# Custom Tuning



## AAT (Jun 16, 2005)

is there a custom tuning available for 04 Altima 3.5L ?


Thanks,


----------



## Marvin (Oct 16, 2002)

Custom Tuning what?


----------



## AAT (Jun 16, 2005)

a custom tune for the computer,


Thanks,


----------



## dkocur (Feb 17, 2004)

There are a couple of piggy-backs that you can purchase and take em to a tuner and have them installed and tuned. SMT-6 and SAFC.

Technosquare will reprogram you're ECU which gives you a little more than the piggybacks (like higher rev limiter, no speed limiter), but it's only quasi-customized to your car. I know of one person who claims they had a bad result going this route.

There's also a new intake / piggyback combination being offered by CP-E.

It's nice to have choices ain't it?


----------



## AAT (Jun 16, 2005)

Thanks a lot,


----------



## djliquidice (Apr 29, 2005)

the CP-E MAFci system is a great addition to any NA 3.5


----------



## AAT (Jun 16, 2005)

djliquidice said:


> the CP-E MAFci system is a great addition to any NA 3.5



I am keeping my eyes on it.


Thanks a lot,

PS: Just ordered Hotshots Race Headers and Mossy Exhaust, will dyno the car before and after.


----------



## Alti9 (Apr 13, 2005)

AAT said:


> I am keeping my eyes on it.
> 
> 
> Thanks a lot,
> ...


Post a sound clip of that exhaust set up if you can. Have been considering the mossy cat back myself.


----------



## AAT (Jun 16, 2005)

Alti9 said:


> Post a sound clip of that exhaust set up if you can. Have been considering the mossy cat back myself.


I've installed the Mossy exhaust, the car sounds great.

I will receive the Hotshot headers by end of August, after that will put my stock echaust back to dyno the car, then will put the Mossy and Hotshot exhuast and dyno again.


I will try to get a sound file.


----------



## ProjectAltima (Nov 24, 2003)

I'm really hoping that we can get Unichip to do a plug and play piggy back for us like the did for the 350Z and other newer nissans. The best thing about theirs is that it is upgradable... so say you add headers later on you can get it reprogrammed inexpensively to take advantage of the latest upgrade to your car.

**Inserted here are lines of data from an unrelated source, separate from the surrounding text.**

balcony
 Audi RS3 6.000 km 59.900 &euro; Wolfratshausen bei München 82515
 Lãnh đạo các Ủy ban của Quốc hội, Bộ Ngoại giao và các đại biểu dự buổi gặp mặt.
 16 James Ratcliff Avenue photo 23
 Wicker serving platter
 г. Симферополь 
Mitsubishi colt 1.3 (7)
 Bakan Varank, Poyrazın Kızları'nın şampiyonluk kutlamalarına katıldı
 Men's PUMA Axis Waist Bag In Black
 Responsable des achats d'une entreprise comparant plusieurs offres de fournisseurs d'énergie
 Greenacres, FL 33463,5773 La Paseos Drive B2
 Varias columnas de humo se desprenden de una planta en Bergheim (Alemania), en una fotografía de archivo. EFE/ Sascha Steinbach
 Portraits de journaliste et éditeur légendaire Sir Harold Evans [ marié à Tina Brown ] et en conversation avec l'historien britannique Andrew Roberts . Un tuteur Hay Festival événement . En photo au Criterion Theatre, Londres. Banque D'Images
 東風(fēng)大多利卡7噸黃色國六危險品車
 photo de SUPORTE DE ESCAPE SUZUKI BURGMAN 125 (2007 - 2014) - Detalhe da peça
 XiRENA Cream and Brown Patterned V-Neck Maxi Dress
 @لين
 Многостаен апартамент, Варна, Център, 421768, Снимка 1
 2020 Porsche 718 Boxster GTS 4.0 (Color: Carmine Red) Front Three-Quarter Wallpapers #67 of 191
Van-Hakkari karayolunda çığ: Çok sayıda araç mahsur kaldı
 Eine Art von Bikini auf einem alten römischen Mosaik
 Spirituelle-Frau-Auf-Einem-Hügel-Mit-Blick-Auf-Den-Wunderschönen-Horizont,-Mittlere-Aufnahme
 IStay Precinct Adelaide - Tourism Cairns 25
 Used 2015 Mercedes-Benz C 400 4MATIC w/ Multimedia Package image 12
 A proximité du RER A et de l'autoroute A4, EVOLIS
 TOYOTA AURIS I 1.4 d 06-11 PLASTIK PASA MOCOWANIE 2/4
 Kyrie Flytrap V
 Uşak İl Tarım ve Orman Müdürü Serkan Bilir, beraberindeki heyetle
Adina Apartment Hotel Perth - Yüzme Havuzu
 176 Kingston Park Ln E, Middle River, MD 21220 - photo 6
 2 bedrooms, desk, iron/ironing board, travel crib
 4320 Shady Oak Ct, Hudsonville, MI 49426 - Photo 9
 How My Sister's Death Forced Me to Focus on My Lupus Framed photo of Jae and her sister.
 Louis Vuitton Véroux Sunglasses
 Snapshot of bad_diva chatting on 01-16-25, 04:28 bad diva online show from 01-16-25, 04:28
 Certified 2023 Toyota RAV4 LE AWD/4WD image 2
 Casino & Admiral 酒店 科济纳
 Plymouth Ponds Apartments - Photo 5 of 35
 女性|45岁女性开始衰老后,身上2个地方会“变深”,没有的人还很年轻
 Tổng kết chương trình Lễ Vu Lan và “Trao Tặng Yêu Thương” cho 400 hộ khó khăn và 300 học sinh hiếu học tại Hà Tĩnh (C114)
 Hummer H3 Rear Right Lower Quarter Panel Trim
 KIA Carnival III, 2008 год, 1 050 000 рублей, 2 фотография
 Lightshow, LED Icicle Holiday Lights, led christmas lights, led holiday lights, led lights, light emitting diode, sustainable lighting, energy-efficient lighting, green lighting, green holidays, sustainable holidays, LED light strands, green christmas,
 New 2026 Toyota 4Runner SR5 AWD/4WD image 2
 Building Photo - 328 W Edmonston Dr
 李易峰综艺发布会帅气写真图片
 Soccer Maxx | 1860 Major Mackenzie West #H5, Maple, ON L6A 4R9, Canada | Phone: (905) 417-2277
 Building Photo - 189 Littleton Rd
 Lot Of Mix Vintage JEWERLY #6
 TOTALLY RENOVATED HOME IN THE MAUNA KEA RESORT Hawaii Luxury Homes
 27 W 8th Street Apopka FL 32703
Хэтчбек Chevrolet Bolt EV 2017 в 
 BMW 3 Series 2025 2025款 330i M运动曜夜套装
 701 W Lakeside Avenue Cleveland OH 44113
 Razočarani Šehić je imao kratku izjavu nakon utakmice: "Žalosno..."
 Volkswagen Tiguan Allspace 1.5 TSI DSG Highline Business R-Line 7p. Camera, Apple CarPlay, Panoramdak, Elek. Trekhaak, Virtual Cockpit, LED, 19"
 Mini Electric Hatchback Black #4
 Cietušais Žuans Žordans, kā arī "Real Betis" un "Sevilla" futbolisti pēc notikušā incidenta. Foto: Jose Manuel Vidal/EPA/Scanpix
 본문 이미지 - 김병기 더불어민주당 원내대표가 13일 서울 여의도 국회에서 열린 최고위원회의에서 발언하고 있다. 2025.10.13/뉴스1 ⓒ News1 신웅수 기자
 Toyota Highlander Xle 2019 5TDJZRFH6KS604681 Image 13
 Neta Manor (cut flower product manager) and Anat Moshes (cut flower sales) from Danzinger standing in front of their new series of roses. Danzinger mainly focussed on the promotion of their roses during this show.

In fact I spoke in length with them today trying to convince them that the demand would be there. Unfortunately they do not feel that the demand is there unless 50 would be purchased at one time before they even do the R&D.

Their website is www.unichip.us their parent company is http://www.dastek.co.za/

They've been around for a very long time overseas, but have just started here in the states.


----------